140 min | R | March 25, 2022 | A24
Evelyn Wang runs a failing laundromat and gets audited by the IRS. Then she learns she is the only version of herself who can save the multiverse. The Daniels turn a tax audit into a story about whether a mother can love her daughter back.
Evelyn Wang runs a failing laundromat. She is buried under tax receipts, a disappointed father, a husband she barely notices, and a daughter she cannot understand. An IRS audit becomes the doorway into a multiverse where every choice she did not make spawned another version of her. The Daniels build a science fiction spectacle out of a midlife crisis.
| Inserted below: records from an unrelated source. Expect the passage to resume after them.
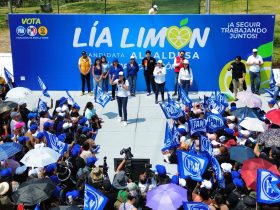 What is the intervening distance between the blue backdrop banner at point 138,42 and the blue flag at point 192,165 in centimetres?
996

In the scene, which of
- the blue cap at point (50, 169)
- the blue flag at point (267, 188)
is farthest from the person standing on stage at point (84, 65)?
the blue flag at point (267, 188)

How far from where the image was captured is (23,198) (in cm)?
888

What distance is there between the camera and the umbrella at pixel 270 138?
11.7m

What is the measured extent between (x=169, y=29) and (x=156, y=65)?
2038mm

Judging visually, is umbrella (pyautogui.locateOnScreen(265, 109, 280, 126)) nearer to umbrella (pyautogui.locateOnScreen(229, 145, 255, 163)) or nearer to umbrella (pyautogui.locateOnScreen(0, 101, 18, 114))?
umbrella (pyautogui.locateOnScreen(229, 145, 255, 163))

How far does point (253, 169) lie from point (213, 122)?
3487 millimetres

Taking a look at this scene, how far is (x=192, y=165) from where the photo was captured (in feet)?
32.4

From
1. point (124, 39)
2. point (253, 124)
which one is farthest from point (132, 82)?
point (253, 124)

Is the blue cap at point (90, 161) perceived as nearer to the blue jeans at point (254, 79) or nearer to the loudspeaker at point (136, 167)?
the loudspeaker at point (136, 167)

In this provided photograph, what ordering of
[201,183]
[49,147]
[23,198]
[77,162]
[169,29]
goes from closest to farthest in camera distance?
[23,198], [201,183], [77,162], [49,147], [169,29]

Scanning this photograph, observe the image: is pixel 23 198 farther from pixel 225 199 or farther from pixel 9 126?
pixel 9 126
The film is not about saving the universe. It is about a mother deciding whether her daughter is worth staying for.
Michelle Yeoh plays Evelyn as a woman who has spent decades shrinking. Yeoh moves through martial arts, melodrama, and slapstick without losing the exhausted center of the character. Ke Huy Quan plays Waymond with a gentleness that the film reframes as strength, and Quan makes the argument that kindness is a survival strategy. Stephanie Hsu plays Joy and her multiverse counterpart Jobu Tupaki as grief wearing glitter. Jamie Lee Curtis plays the auditor Deirdre Beaubeirdre with hunched posture and total commitment. James Hong sharpens every scene he enters as Gong Gong.
Daniel Kwan and Daniel Scheinert direct and write, and they build the multiverse through editing rather than budget. Evelyn jumps between lives by performing small absurd acts, and each jump triggers a burst of rapid montage that cuts dozens of realities into seconds. The film matches actions across universes so a gesture in the laundromat completes inside a kung fu film or an animated parody. The production design swings from fluorescent IRS drudgery to a universe where people have hot dogs for fingers, and the contrast is both the joke and the point. The sound design stacks competing realities until the noise itself becomes a portrait of overload.
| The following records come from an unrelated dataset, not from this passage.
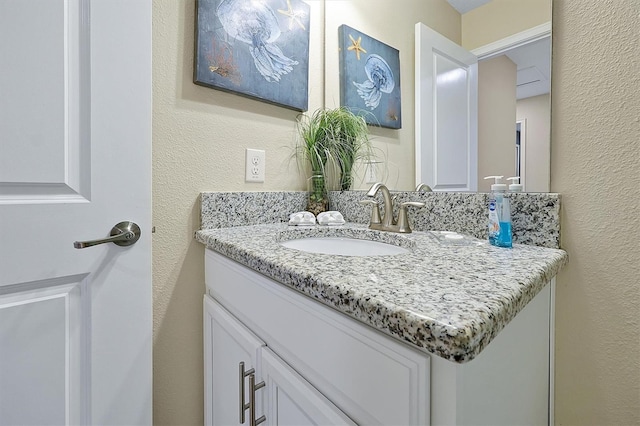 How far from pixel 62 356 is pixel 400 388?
0.81 meters

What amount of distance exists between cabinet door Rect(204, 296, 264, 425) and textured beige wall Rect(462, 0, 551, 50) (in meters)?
0.97

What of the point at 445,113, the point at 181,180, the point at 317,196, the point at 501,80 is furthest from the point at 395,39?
the point at 181,180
The film risks collapse at every turn. The maximalism could curdle into static and the emotion could drown in the gimmick. The Daniels hold the structure together by tying every absurd flourish back to a single broken relationship. Evelyn’s power comes from her failures rather than her triumphs, and the film argues that the woman who got everything wrong is the one who can fix it. Underneath the googly eyes and the everything bagel sits a plain question about whether love survives disappointment. The answer is the whole movie.